Bien sûr, la décision de l’UCI a été juste, personne n’aurait compris une autre décision. Même si elle est décriée ou qu’on lui trouve du laxisme dans la lutte antidopage, je trouve que l’UCI reste la fédération la plus active contre le dopage. Si aujourd’hui on découvre encore des tricheurs, c’est qu’il existe des politiques très fortes pour lutter contre le dopage. Ce n’est certes peut-être pas suffisant mais en attendant ça marche. Je crois en l’avenir. Le cyclisme va mieux et je reste optimiste. J’ai vu des choses, ces deux, trois dernières années, de nature à nous rassurer.
Etes-vous moins inquiet qu’il y a quelques saisons en arrière ?
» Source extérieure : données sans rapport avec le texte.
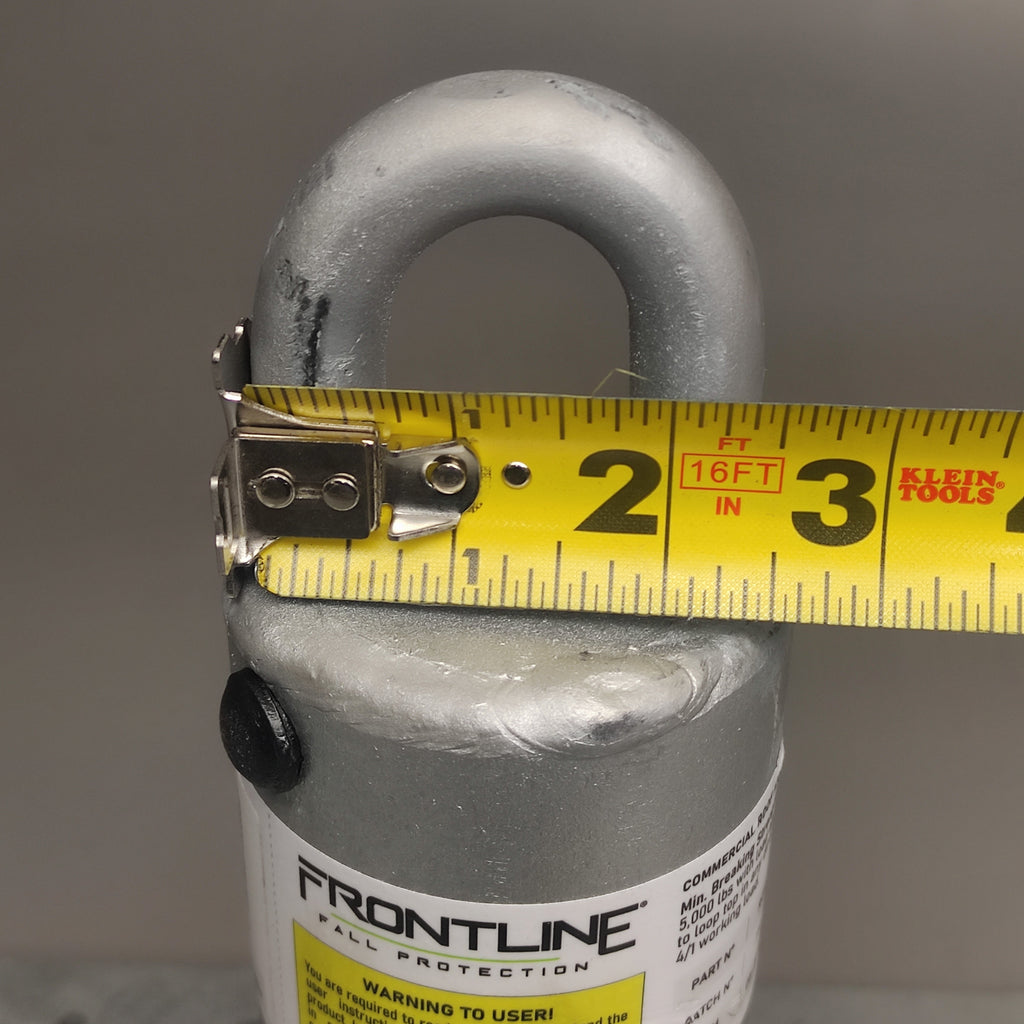 FRONTLINE Fall Protection RO12 Commercial Roof Anchor 14" OSHA ANSI Compliant
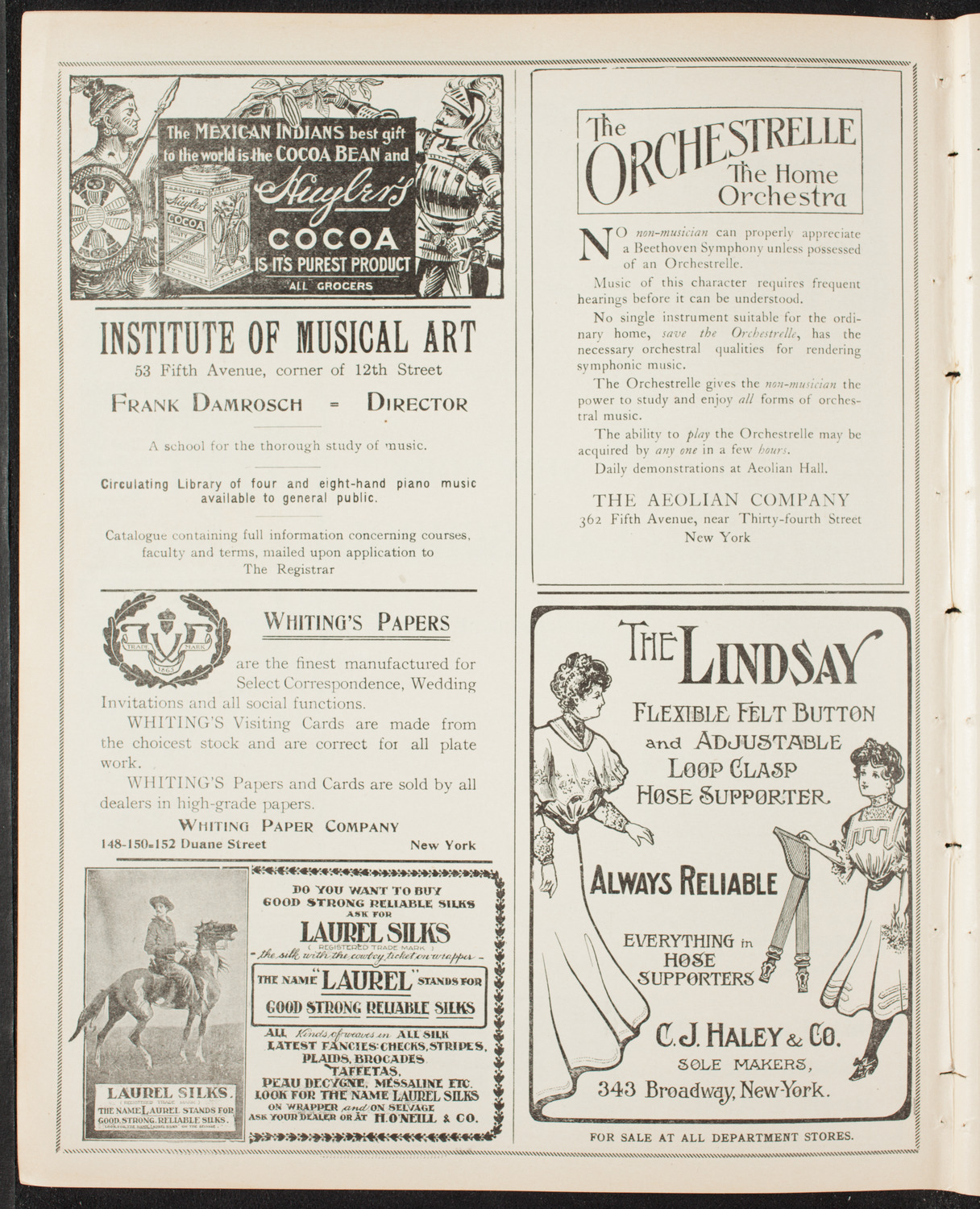 Graduation: New York Law School, June 13, 1907, program page 6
J’avais déjà tout cet espoir il y a quelques années mais c’est vrai que lorsqu’on voit tout ce qu’on a pu lire sur l’organisation du dopage autour d’Armstrong, c’est effrayant ! Ce n’est pas la façon dont je conçois mon sport. Heureusement nous avons dans nos équipes beaucoup de jeunes plein d’avenir. C’est ce en quoi j’ai envie de croire. La pression est plus forte et de ce que l’on ressent sur le terrain, ça va beaucoup mieux. Tout n’est pas fini, il y aura toujours des irréductibles, mais la pression des instances, des contrôles antidopage, des managers, peut finir par décourager les tricheurs.
Quel doit être le rôle d’un manager dans ce contexte ?
Ce qui est important c’est la pérennisation de nos équipes, de nos athlètes. Il y a des vies derrière, il y a des familles. Evidemment qu’un jour je rêve de gagner le Tour de France. Pour le moment ce n’est pas arrivé, et j’en suis encore loin, mais nous avons toujours de jeunes coureurs qui arrivent, qui ont de l’ambition, et il faut pouvoir les soutenir jusqu’au bout.
Propos recueillis à Paris le 24 octobre 2012.